EXERCISE: Among the entries below, copy only the span from the line containing "Set Bormasina 1450" through the line containing "Carnegie Stage". Do so exactly, and skip the pictures.

RECORDS PROVIDED:
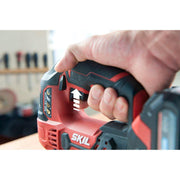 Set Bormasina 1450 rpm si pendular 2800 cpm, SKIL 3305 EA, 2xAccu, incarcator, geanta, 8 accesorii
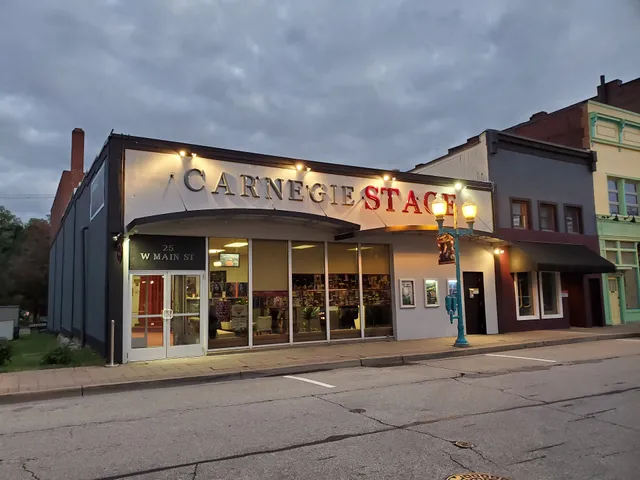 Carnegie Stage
---
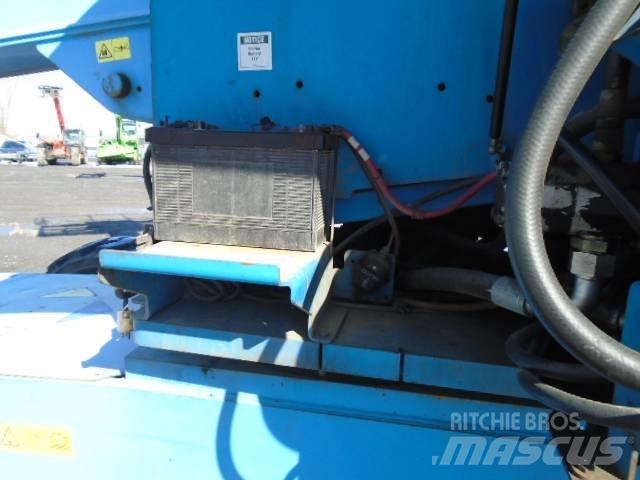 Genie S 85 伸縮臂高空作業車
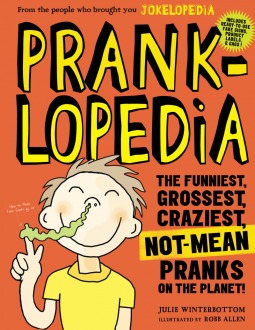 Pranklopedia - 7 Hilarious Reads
...
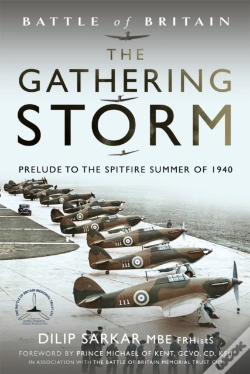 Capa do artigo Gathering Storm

RESULT OF THIS EXERCISE:
 Set Bormasina 1450 rpm si pendular 2800 cpm, SKIL 3305 EA, 2xAccu, incarcator, geanta, 8 accesorii
 Carnegie Stage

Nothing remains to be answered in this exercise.